No, but uh, it's great to be here. Um, you know, I'm so glad that our churches are working together. I think it's important that, you know, life is just too short to not be unified, and the mission is too big to not do it together.

And so to be able to come here and represent Real Life Pullman to you all is a blessing, and I hope it's something that encourages us to continue to cultivate relationships with one another because that's important. You agree with that? Amen? That we need to work together?

Amen. I think the Palouse needs our churches to partner together. I think that's an important thing.

Well, let's dive into it, shall we? Who's ready? You all right? Let's do this.

So, helmet of salvation. Let me start off with a little story. So, I have three children. I have a six-year-old, a four-year-old, and next month I will have a one-year-old. My wife is around here with the baby somewhere, so if you see a blonde lady walking around with a little one-year-old, that's my wife, or a good chance it's my wife at least.

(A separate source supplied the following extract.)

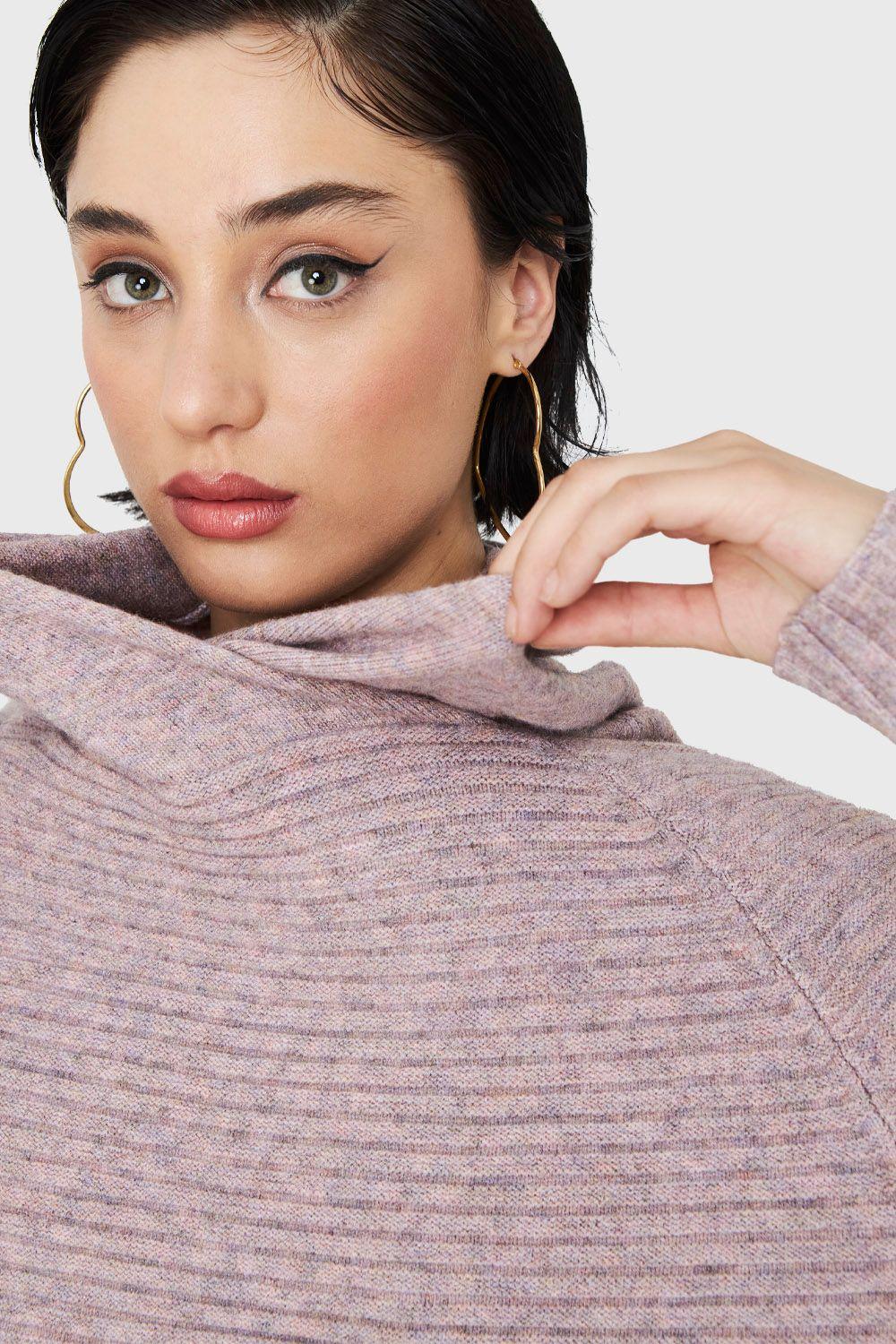 Sweater Acanalado Cuello Tortuga Lila Nicopoly-5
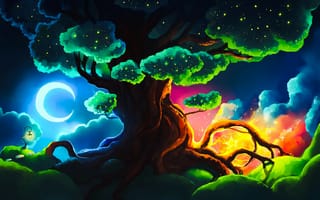 Картинка Большое фантастическое дерево ночью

But when my boys were little, especially the firstborn, we used to go swimming quite a bit. He didn't have a lot of confidence when we first started swimming, so what I would do is I would put him on my back, and he would wrap his little arms around my neck, and then I would kind of walk through the pool with him. He would kind of float on the top as I walked, and it was acting like he was swimming.

And of course, as a dad, I would start to kind of put him into positions where he had to really learn how to swim. So, I would slowly kind of tuck down into the water. You know, we were only about four feet of water at this point, tucking down into the water, and I could feel his little hands start to get tighter and tighter and tighter around my neck as I got lower and lower and lower in the water.

And you start to sense the panic as well in his little voice as he starts to say, "Dad, dad, dad, dad, dad, dad," as I get deeper and deeper in the water. Little did he know that I was really in four feet of water, and I'm six foot four, so we really weren't in peril. But for him, in a way, he was perceiving the things around him. He thought he was going down and under and beyond anything, beyond, you know, going way too far for his depth is what he was really feeling and experiencing.

How many of us in our life, as we are swimming through life, wrapping our hands around Jesus, walking through the water, do we feel like, "Boy, I am starting to get out of my depth"? Oh boy, I'm starting to get way above what I can handle here. How many of you have said yes, "I'm going to follow the Lord Jesus," only to come to a place where you go, "I did not sign up for this. This was not presented to me at the pulpit on Sunday. This is way out of my league. This is way too deep for me. I cannot do this."

I have been there many times. I have been there many times. And I think the context of Ephesians 6, as we look at the armor of God, a lot of times that Paul is encouraging us to stand firm in the depths of life. How do we stand firm when my arms are wrapped around Jesus, walking in the waters, realizing this is way beyond anything I signed up for or thought I could handle?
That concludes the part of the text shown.